DATA BELOW.
####
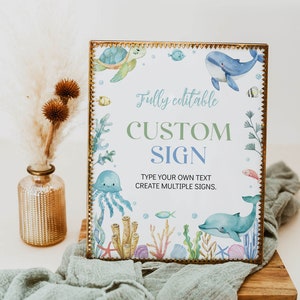 May include: A printable sign with a watercolor design of sea creatures, including a turtle, whale, jellyfish, and coral. The sign says "Fully editable CUSTOM SIGN TYPE YOUR OWN TEXT CREATE MULTIPLE SIGNS."
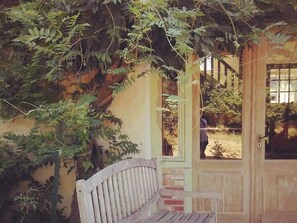 A wooden bench under a tree with a door and window in the background. - Charming 3-Bedroom Cottage in Sologne Forest with Modern Amenities and Scenic Views (Theillay)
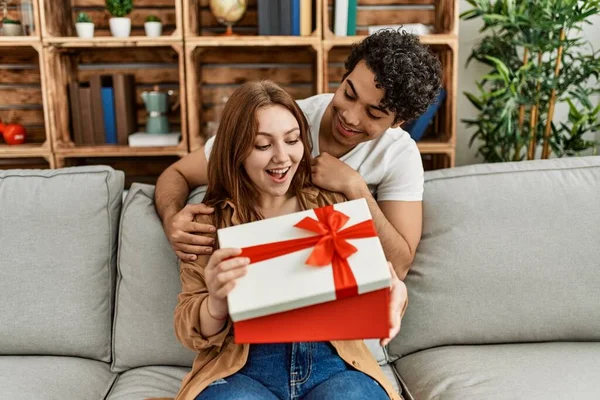 Jovem Casal Sorrindo Feliz Sentado Sofá Surpresa Com Presente Aniversário — Fotografia de Stock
####
Each line above should be printed again exactly, though the pictures should not be.

 May include: A printable sign with a watercolor design of sea creatures, including a turtle, whale, jellyfish, and coral. The sign says "Fully editable CUSTOM SIGN TYPE YOUR OWN TEXT CREATE MULTIPLE SIGNS."
 A wooden bench under a tree with a door and window in the background. - Charming 3-Bedroom Cottage in Sologne Forest with Modern Amenities and Scenic Views (Theillay)
 Jovem Casal Sorrindo Feliz Sentado Sofá Surpresa Com Presente Aniversário — Fotografia de Stock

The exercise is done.